A conventional loan is a type of mortgage used to buy a home that isn’t backed by the government. This means it comes from private lenders, like banks or credit unions, and follows their own set of rules, rather than government programs.
Down Payment: When you get a conventional loan, you usually need to make a down payment. This is a portion of the home's price that you pay upfront. It can be as low as 3% of the home’s price for some loans, but putting down more can help you avoid extra costs later.
Credit Score: Lenders will look at your credit score to decide if you qualify for the loan and what interest rate you’ll get. A higher credit score usually helps you get a better deal.
Loan Limits: There’s a maximum amount you can borrow with a conventional loan, which varies based on where you live. In some expensive areas, this limit is higher to accommodate higher home prices.

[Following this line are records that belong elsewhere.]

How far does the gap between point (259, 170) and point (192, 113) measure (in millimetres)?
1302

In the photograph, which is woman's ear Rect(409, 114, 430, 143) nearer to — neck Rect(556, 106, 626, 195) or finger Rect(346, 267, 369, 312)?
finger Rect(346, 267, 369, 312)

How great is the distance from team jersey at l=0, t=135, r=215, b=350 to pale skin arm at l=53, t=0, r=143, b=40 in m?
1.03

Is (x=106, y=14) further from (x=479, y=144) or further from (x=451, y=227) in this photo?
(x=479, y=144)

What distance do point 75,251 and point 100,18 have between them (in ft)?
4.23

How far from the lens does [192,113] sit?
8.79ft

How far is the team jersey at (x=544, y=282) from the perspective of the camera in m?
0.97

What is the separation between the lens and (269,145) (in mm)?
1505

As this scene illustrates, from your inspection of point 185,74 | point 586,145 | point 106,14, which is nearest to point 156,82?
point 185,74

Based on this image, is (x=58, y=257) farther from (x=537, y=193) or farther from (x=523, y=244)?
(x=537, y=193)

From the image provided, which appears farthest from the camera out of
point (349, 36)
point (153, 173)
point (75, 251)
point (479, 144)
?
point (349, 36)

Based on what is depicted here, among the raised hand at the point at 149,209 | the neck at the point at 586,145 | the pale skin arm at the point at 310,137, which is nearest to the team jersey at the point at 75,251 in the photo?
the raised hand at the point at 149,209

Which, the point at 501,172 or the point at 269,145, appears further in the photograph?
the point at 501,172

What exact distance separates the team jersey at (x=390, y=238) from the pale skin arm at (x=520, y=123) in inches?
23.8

Interest Rates: You can choose between different types of interest rates with a conventional loan. A fixed-rate mortgage keeps the same interest rate for the entire loan term, making your payments predictable. An adjustable-rate mortgage might start with a lower rate that can change over time.
Private Mortgage Insurance (PMI): If you put down less than 20% of the home’s price, you might need to pay for PMI. This insurance protects the lender if you don’t make your payments. Once you’ve paid off a certain amount of your loan or your home’s value increases, you might be able to stop paying PMI.
Why Choose a Conventional Loan?
Conventional loans are often flexible and offer competitive rates, especially if you have good credit. They’re a popular choice for many homebuyers because they don’t have the special requirements of government-backed loans.